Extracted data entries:
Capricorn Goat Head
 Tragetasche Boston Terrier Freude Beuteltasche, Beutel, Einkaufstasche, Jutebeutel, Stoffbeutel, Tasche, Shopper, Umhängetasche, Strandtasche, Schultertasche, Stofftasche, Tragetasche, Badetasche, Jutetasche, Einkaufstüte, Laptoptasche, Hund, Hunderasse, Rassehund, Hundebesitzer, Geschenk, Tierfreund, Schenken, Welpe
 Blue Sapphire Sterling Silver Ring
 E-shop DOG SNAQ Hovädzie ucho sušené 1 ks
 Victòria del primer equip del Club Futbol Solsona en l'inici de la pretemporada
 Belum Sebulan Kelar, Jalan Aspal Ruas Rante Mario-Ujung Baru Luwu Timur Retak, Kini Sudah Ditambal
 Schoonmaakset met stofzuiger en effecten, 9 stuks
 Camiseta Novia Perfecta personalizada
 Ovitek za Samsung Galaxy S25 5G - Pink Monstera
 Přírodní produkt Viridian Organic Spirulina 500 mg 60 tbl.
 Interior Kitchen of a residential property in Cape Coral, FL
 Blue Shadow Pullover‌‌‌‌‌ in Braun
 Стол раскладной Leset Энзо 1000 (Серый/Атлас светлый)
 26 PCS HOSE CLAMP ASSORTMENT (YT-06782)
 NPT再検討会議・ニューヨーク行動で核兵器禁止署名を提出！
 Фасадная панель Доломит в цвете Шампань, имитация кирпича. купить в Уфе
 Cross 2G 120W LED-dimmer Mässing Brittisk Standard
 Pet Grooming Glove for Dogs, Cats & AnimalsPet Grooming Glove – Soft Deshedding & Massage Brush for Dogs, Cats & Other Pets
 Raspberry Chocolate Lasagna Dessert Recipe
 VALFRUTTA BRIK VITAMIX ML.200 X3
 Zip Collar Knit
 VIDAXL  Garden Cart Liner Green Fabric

=== What you need to do ===
Return, word for word, the lines from the one containing "Zip Collar Knit" through the end of the data above, both ends included, and nothing else.

=== Exercise result ===
 Zip Collar Knit
 VIDAXL  Garden Cart Liner Green Fabric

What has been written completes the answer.